== The records ==
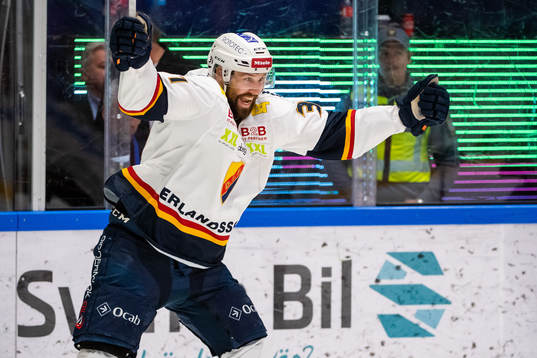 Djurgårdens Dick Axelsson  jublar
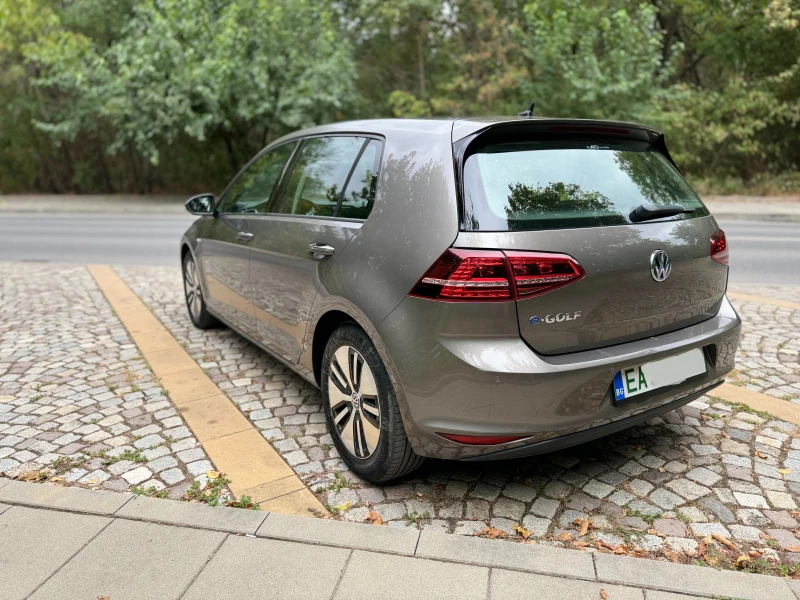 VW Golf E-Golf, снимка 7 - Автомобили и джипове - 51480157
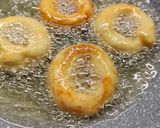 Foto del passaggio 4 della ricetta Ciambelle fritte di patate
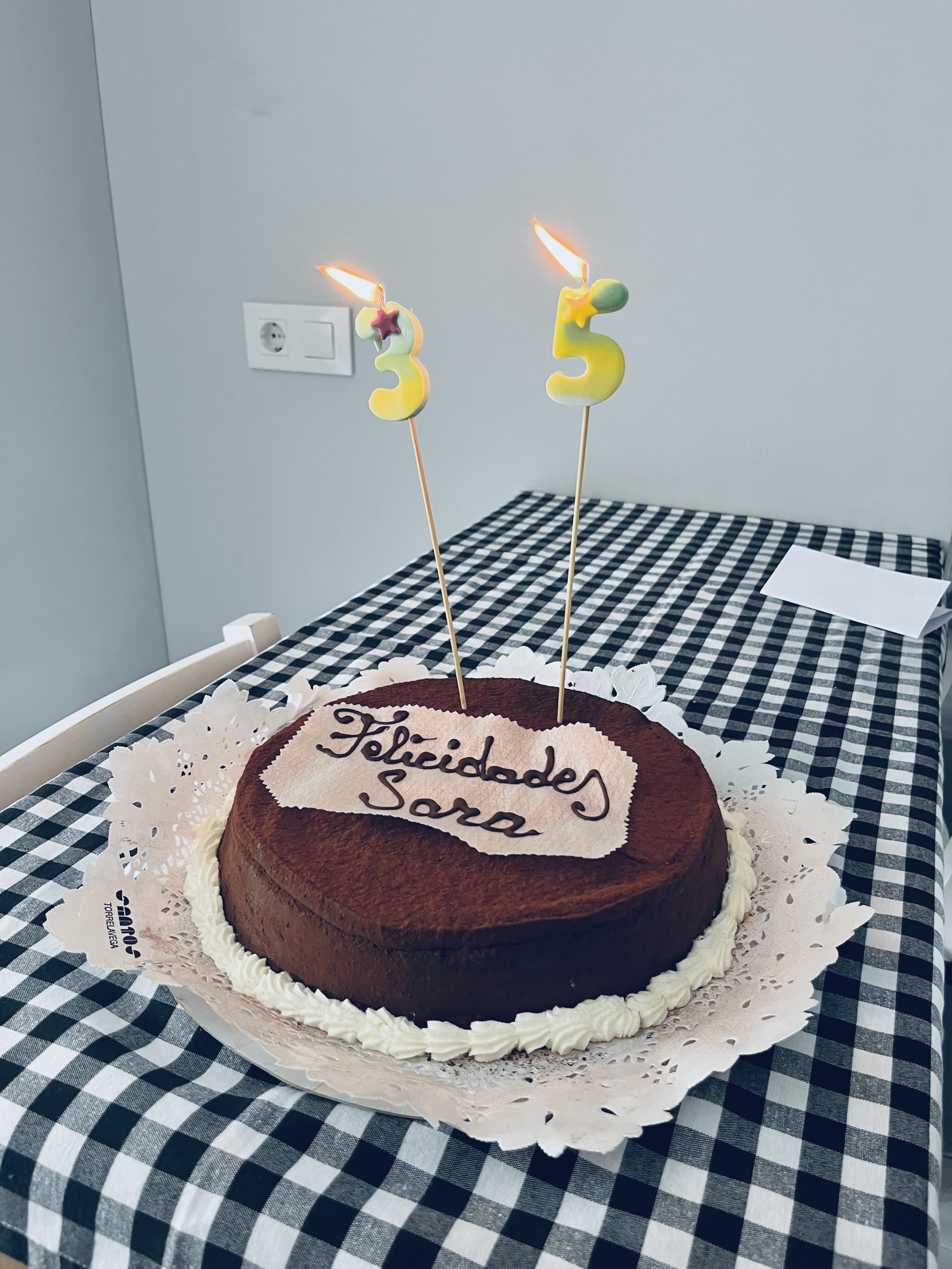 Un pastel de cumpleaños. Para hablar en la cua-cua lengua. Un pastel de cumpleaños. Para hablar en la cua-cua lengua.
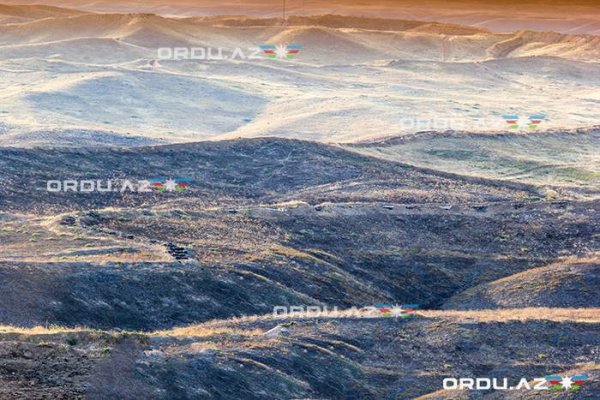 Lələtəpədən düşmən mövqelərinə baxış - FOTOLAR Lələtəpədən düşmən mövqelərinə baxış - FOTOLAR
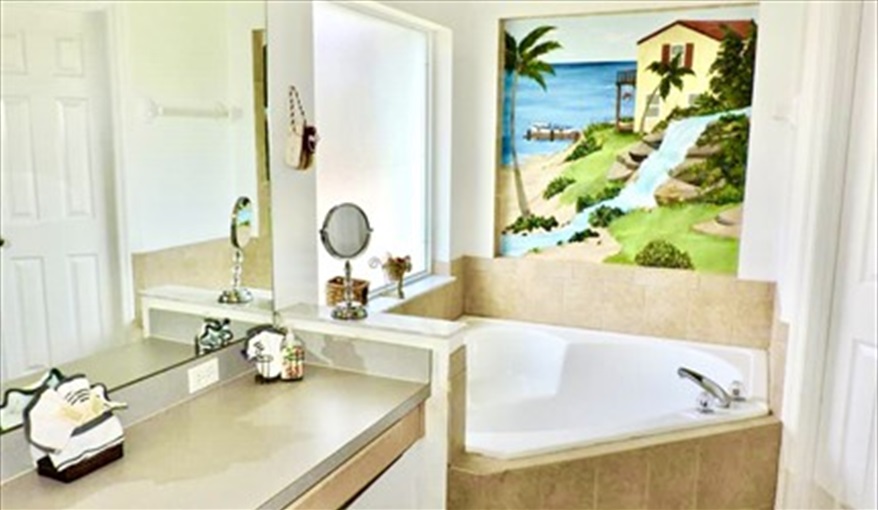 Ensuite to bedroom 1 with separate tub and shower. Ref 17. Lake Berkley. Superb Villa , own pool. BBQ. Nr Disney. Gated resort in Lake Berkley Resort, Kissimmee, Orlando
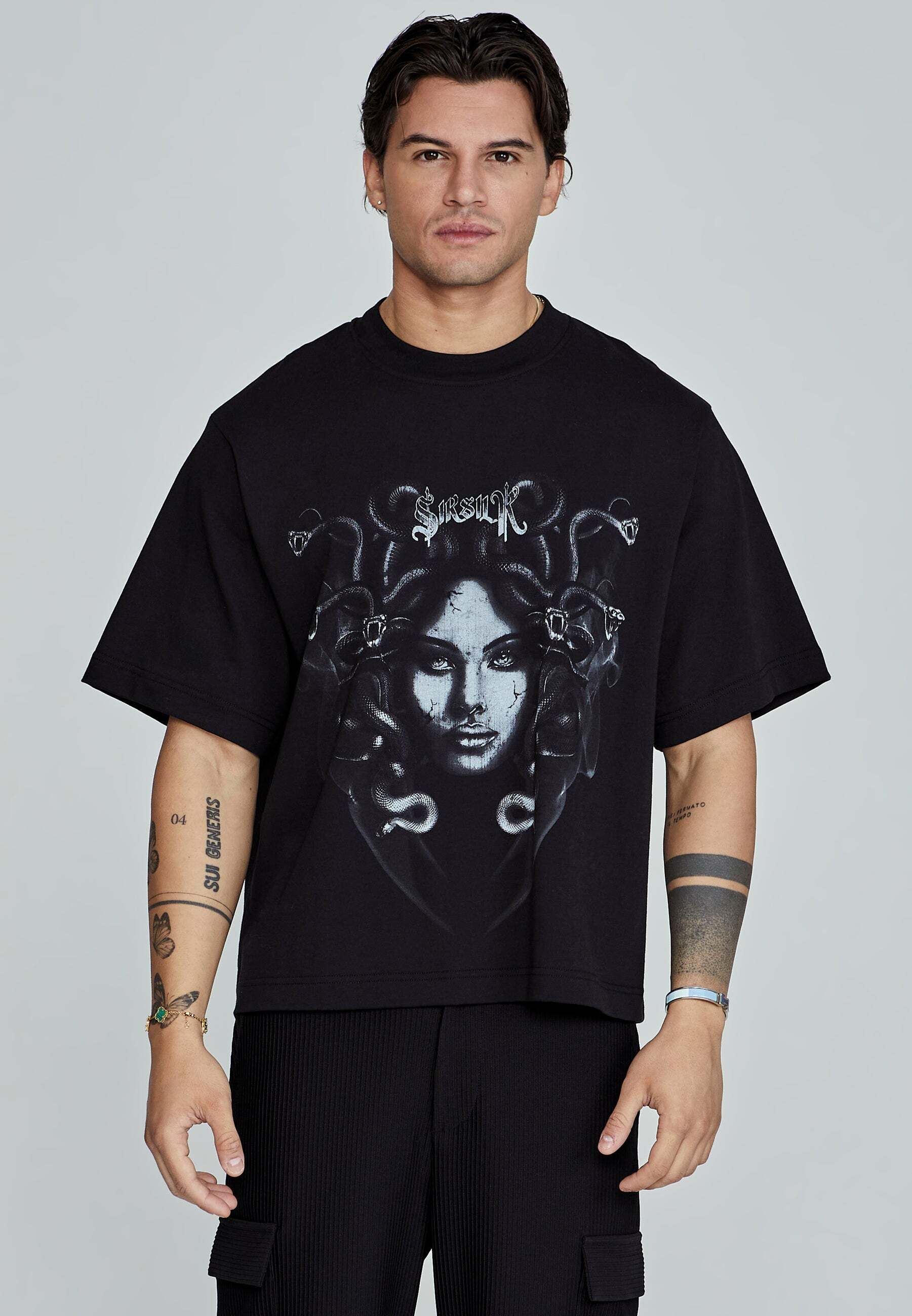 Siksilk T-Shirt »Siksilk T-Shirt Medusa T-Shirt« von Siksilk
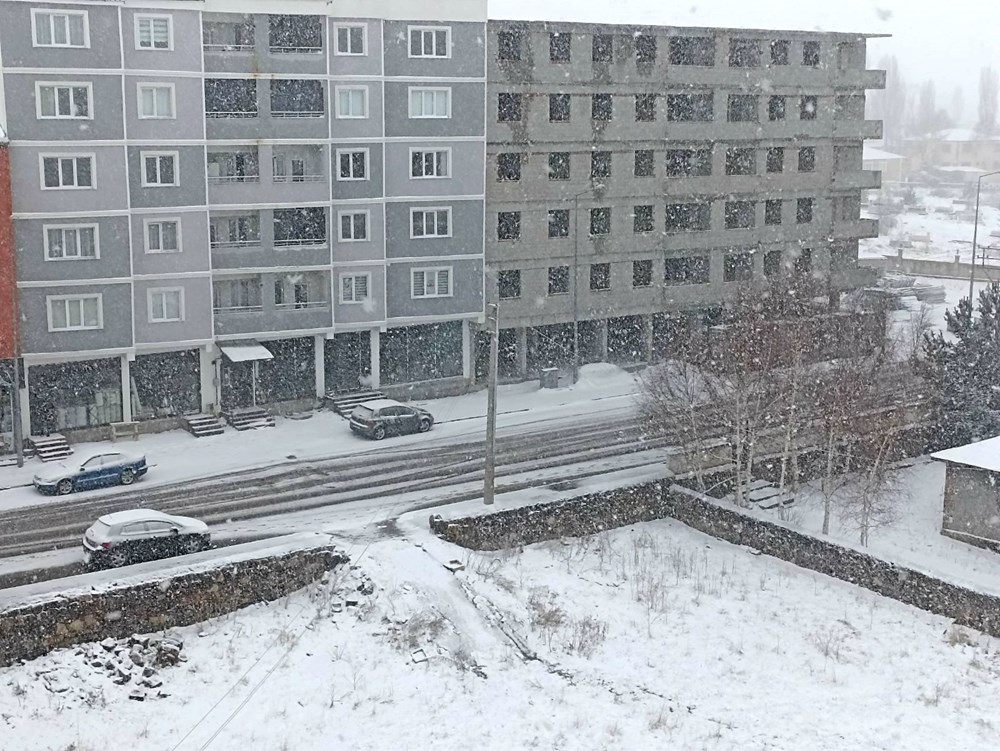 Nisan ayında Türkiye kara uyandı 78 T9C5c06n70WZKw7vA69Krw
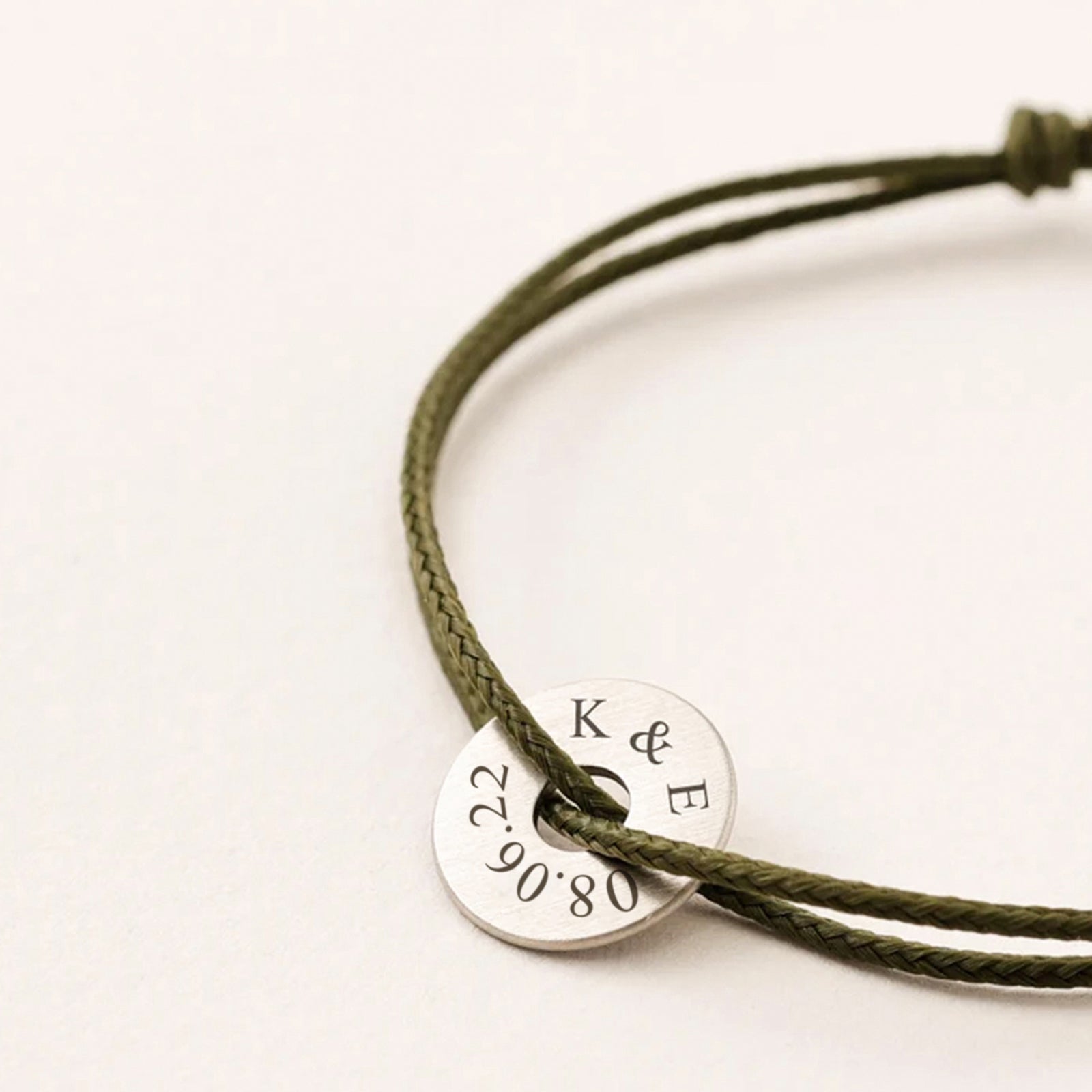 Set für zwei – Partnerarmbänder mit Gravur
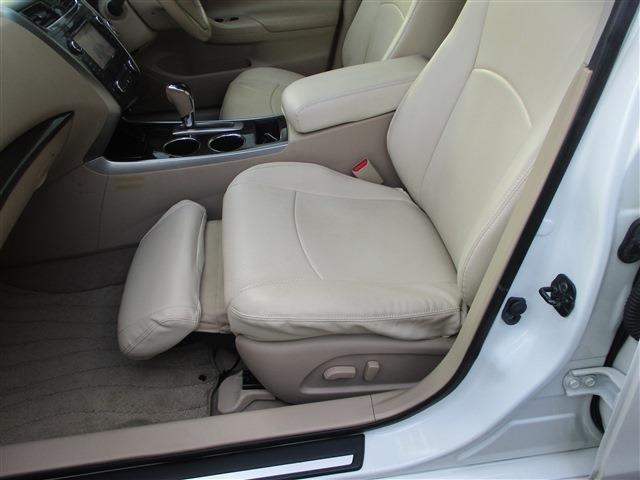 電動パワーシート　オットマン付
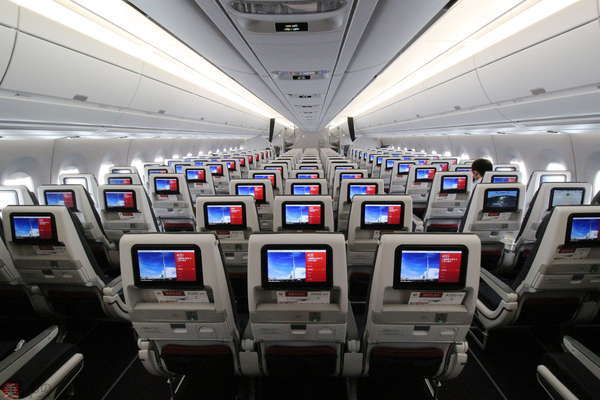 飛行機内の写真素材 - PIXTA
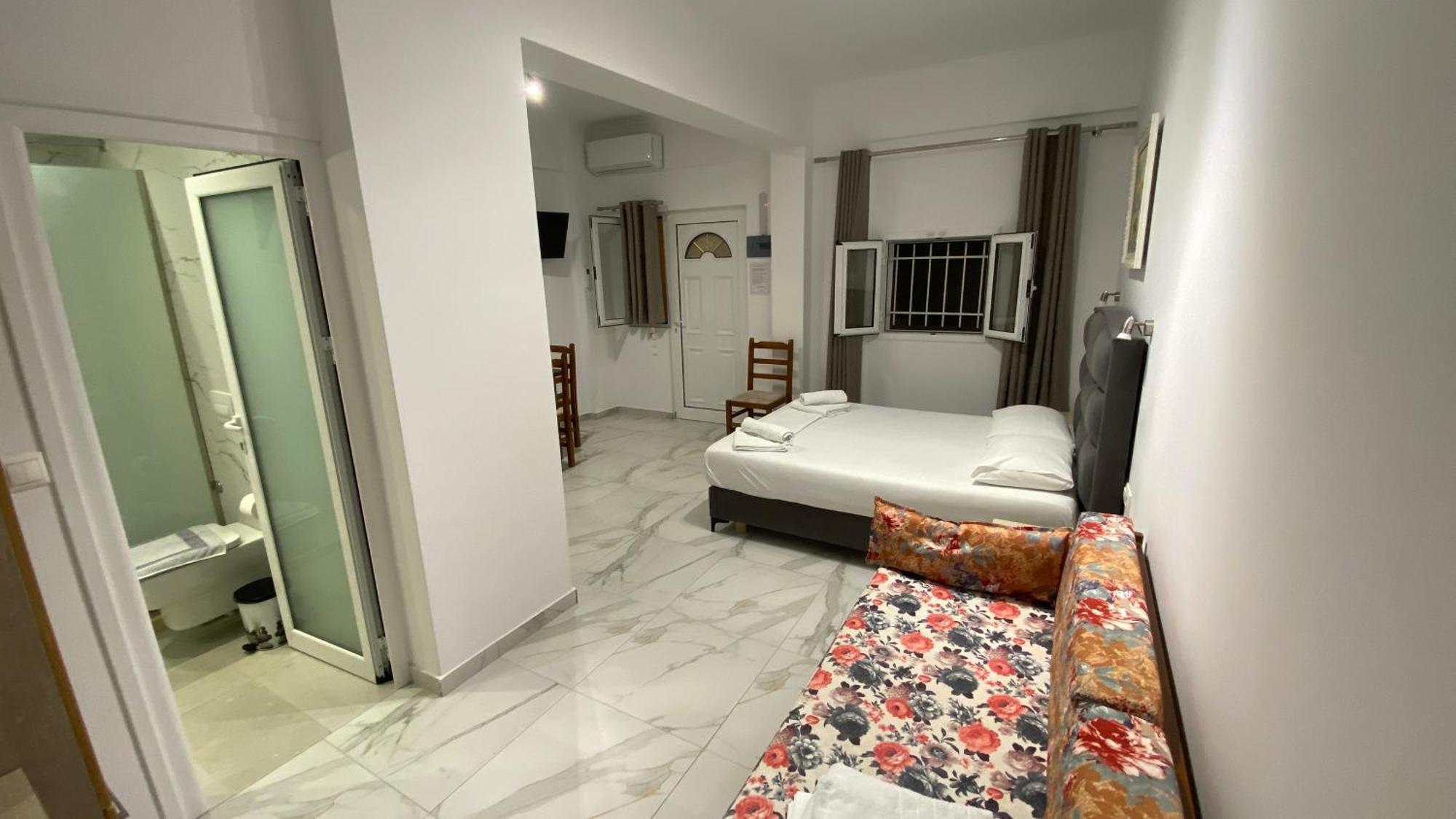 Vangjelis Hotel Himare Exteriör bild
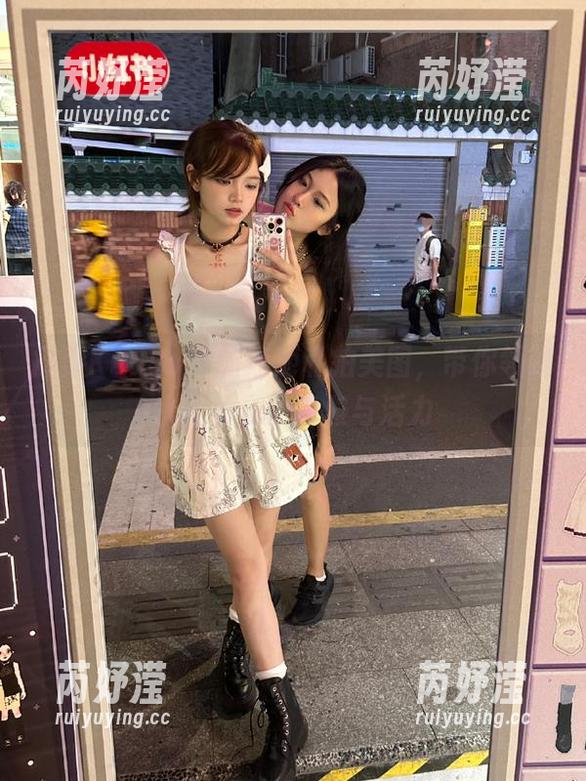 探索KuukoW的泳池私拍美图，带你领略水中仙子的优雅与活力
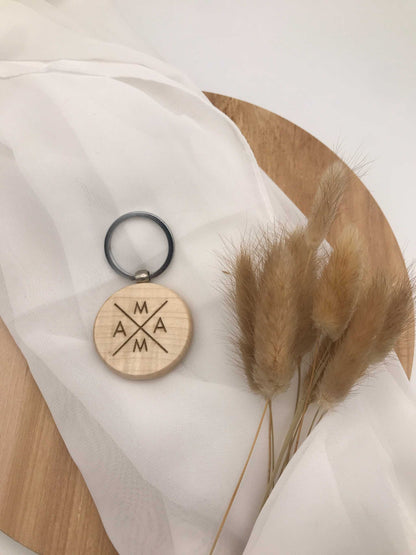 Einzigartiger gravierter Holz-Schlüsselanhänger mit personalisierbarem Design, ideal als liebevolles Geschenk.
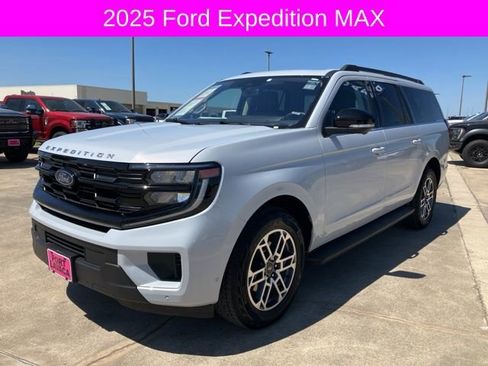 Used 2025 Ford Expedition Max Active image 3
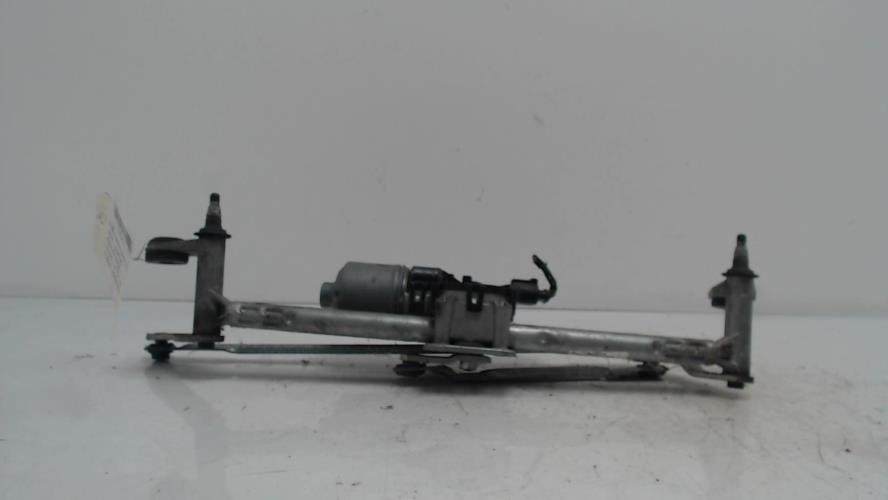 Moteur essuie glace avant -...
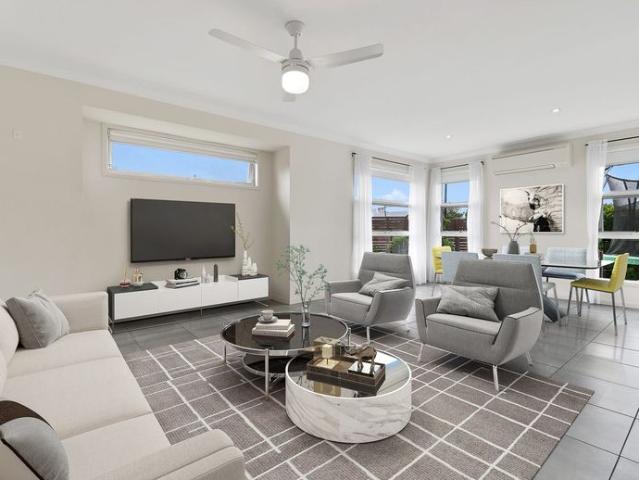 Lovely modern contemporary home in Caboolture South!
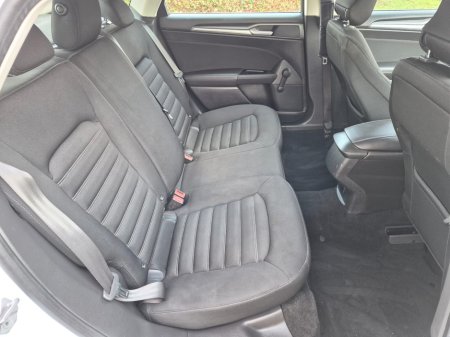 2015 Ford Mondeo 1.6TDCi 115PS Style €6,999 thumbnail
===
§ **Task to carry out**
Give the lines again exactly, starting where the entries begin and stopping once the line with "Lələtəpədən düşmən mövqelərinə baxış - FOTOLAR Lələtəpədən" is included; pictures are not copied.

§ **Solution to this exercise**
 Djurgårdens Dick Axelsson  jublar
 VW Golf E-Golf, снимка 7 - Автомобили и джипове - 51480157
 Foto del passaggio 4 della ricetta Ciambelle fritte di patate
 Un pastel de cumpleaños. Para hablar en la cua-cua lengua. Un pastel de cumpleaños. Para hablar en la cua-cua lengua.
 Lələtəpədən düşmən mövqelərinə baxış - FOTOLAR Lələtəpədən düşmən mövqelərinə baxış - FOTOLAR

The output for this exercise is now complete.